The term ‘organizational accidents’ (shortened here to ‘orgax’) was coined in the early 1990s and was developed in the Ashgate book published in 1997 entitled Managing the Risks of Organizational Accidents. Sales of the book indicate that many people may have read it – it remains Ashgate’s all-time best-selling book on human performance. So the present book is not a revision, but a revisit. A lot has happened in the ensuing 18 years, my aim here is to update and extend the arguments presented in the first book to accommodate these developments. In short, this book is an addition rather than a replacement. And enough has happened in the interim to require a separate book.
Despite their huge diversity, each organizational accident has at least three common features: hazards, failed defences and losses (damage to people, assets and the environment). Of these, the most promising for effective prevention are the failed defences. Defences, barriers, safeguards and controls exist at many levels of the system and take a large variety of forms. But each defence serves one or more of the following functions:
  • to create understanding and awareness of the local hazards;
  • to give guidance on how to operate safely;
  • to provide alarms and warnings when danger is imminent;
  • to interpose barriers between the hazards and the potential losses;
  • to restore the system to a safe state after an event;
  • to contain and eliminate the hazards should they escape the barriers and controls;
  • to provide the means of escape and rescue should the defences fail catastrophically.
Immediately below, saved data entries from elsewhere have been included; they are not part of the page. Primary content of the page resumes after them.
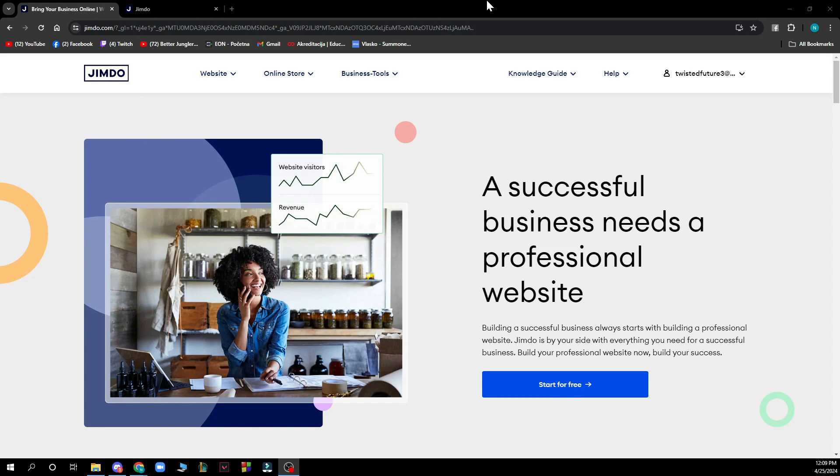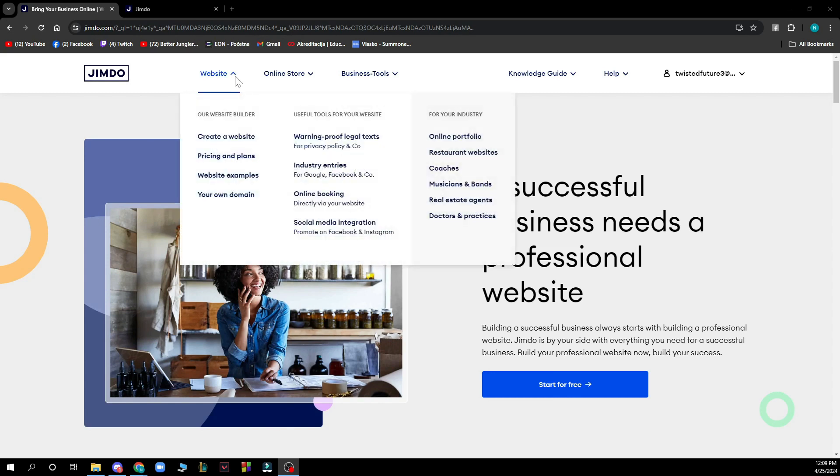So as you can see here we have the official website of Jimdo where you have a lot of things to do. A successful business needs a professional website. Here on the left you have some website builders, useful tools for your website, and for your industry something that you can do: portfolio, coaches, etc.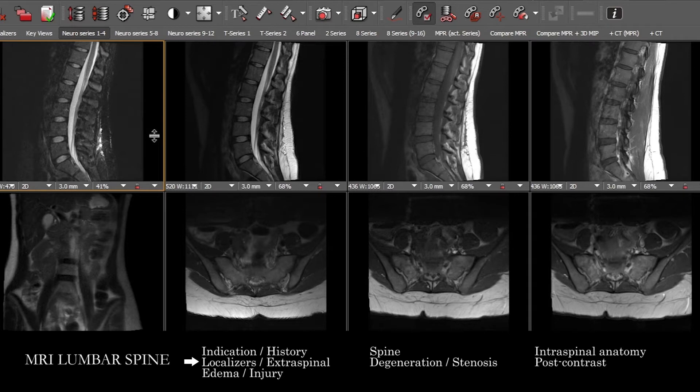Once we've taken a look at the incidentally imaged anatomy, we can go into the evaluation of the spine and things that may explain what's going on with the patient.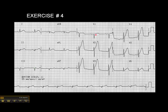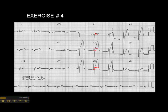Now if we look at the anteroseptal leads, V1 through V4 — do we have ST elevation in V1? That would be no, or it would certainly be a squinter. In V2, yes, we have baseline here and we have the J point there. V3, we have the baseline here and we have ST elevation, J point there. V4, yes, we have baseline here, J point here, so we have ST elevation.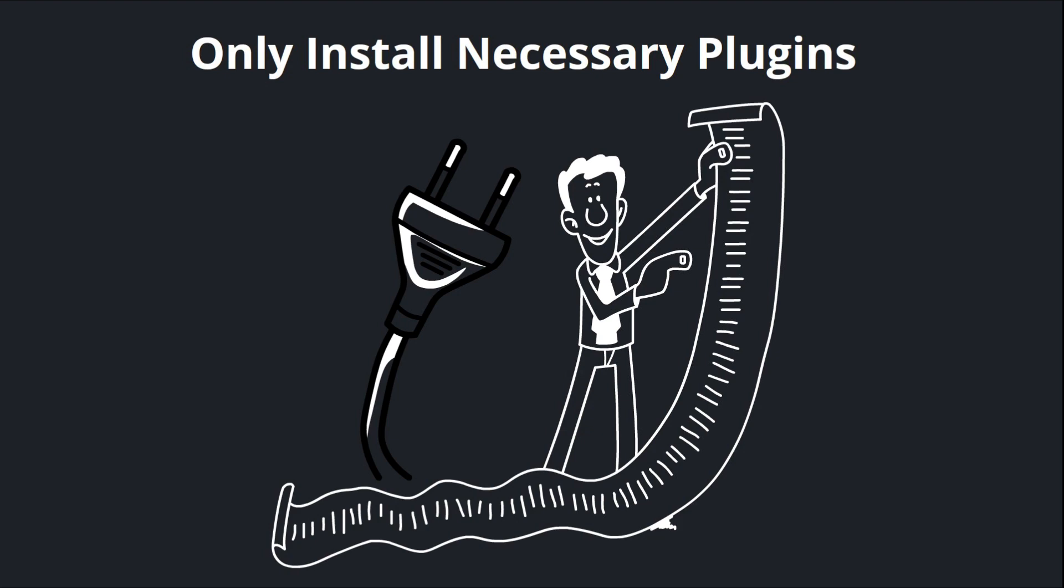Beyond that, if you ever run into a problem where a plugin is causing some kind of issue on your site, having too many plugins can make it difficult to isolate the problem and find the specific plugin that's causing trouble. Now there's no particular number of plugins that's okay or not okay. It's more about being selective with the plugins you do install.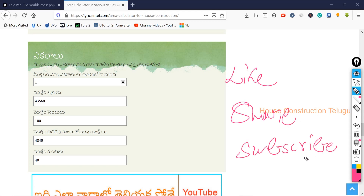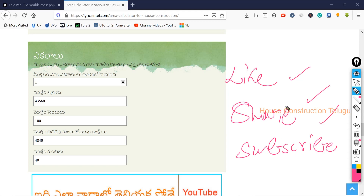Subscribe to these videos. I will be happy to share this video with you. Thank you very much. Thanks for watching this video. Have a nice day.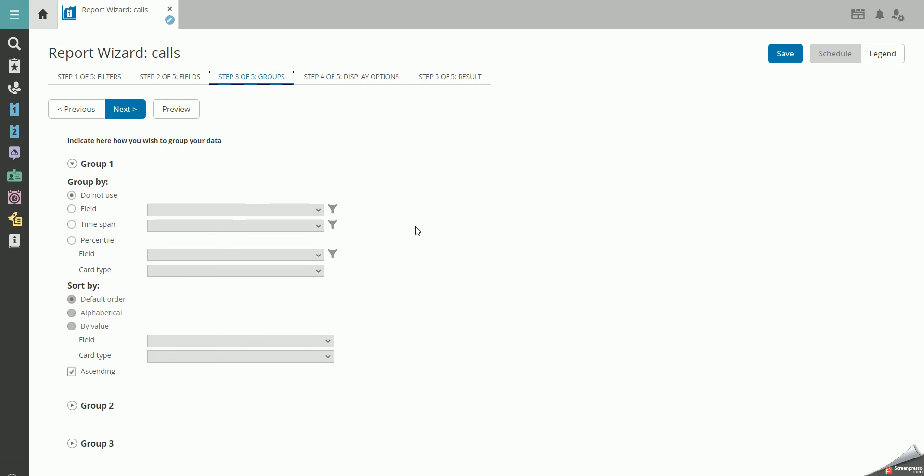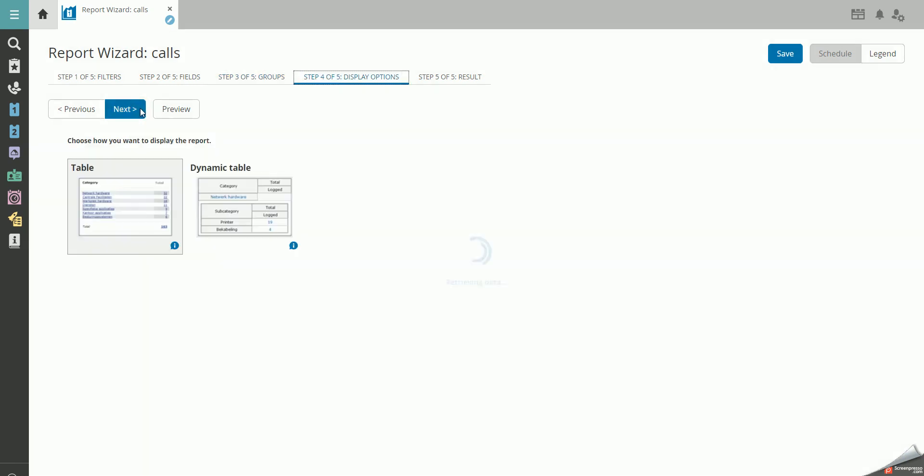For now, we won't be grouping anything in our report. You can now choose the display options – either a standard table or a dynamic table. Click on the standard table and press Next.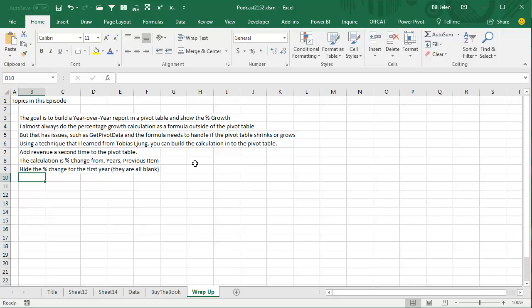So using this method from Tobias, you can build the calculation into the pivot table, add revenue as a second time, change that calculation to percentage change from years, previous item, and then you have to hide the extra column.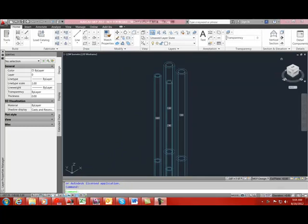That concludes this video for moving and flipping taps, replacing multiple fittings, and numbering the duct and duct fittings.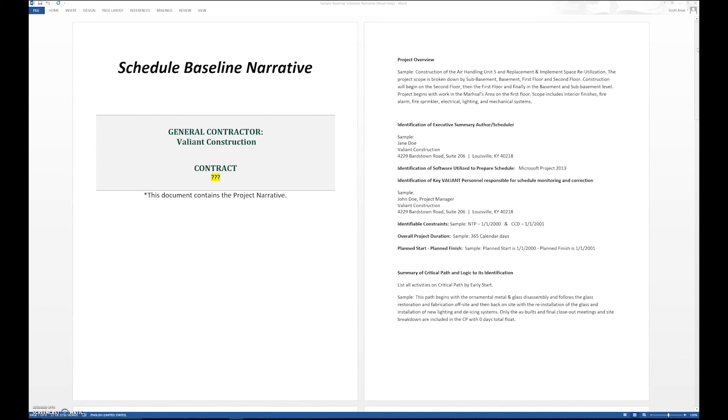A narrative is very important for the baseline. Of course, we'll have a narrative associated with the updates, which we'll do at a later time, but we're just talking about the baseline schedule here. The schedule update narrative is a little bit different—it talks about changes occurring, negative float that has occurred—but this is just focusing on the baseline schedule itself. That pretty much covers the narrative portion of the schedule.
These ‘defences-in-depth’ make complex technological systems, such as nuclear power plants and transport systems, largely proof against single failures, either human or technical. But no defence is perfect. Each one contains weaknesses, flaws and gaps, or is liable to absences. Bad events happen when these holes or weaknesses ‘line up’ to permit a trajectory of accident opportunity to bring hazards into damaging contact with people and/or assets. This concatenation of failures is represented diagrammatically by the Swiss cheese model (Figure 1.1) – to be reconsidered later.
Figure 1.1 The ‘Swiss cheese’ model of accident causation
Figure 1.1 The ‘Swiss cheese’ model of accident causation
The gaps in the defences arise for two reasons – active failures and latent conditions – occurring either singly or in diabolical combinations. They are devilish because in some cases the trajectory of accident liability need only exist for a very short time, sometimes only a few seconds:
Active failures: these are unsafe acts – errors and/or procedural violations – on the part of those in direct contact with the system (‘sharp-enders’). They can create weaknesses in or among the protective layers.
Latent conditions: in earlier versions of the Swiss cheese model (SCM), these gaps were attributed to latent failures. But there need be no failure involved, though there often is. A condition is not necessarily a cause, but something whose presence is necessary for a cause to have an effect – like oxygen is a necessary condition for fire, though an ignition source is the direct cause.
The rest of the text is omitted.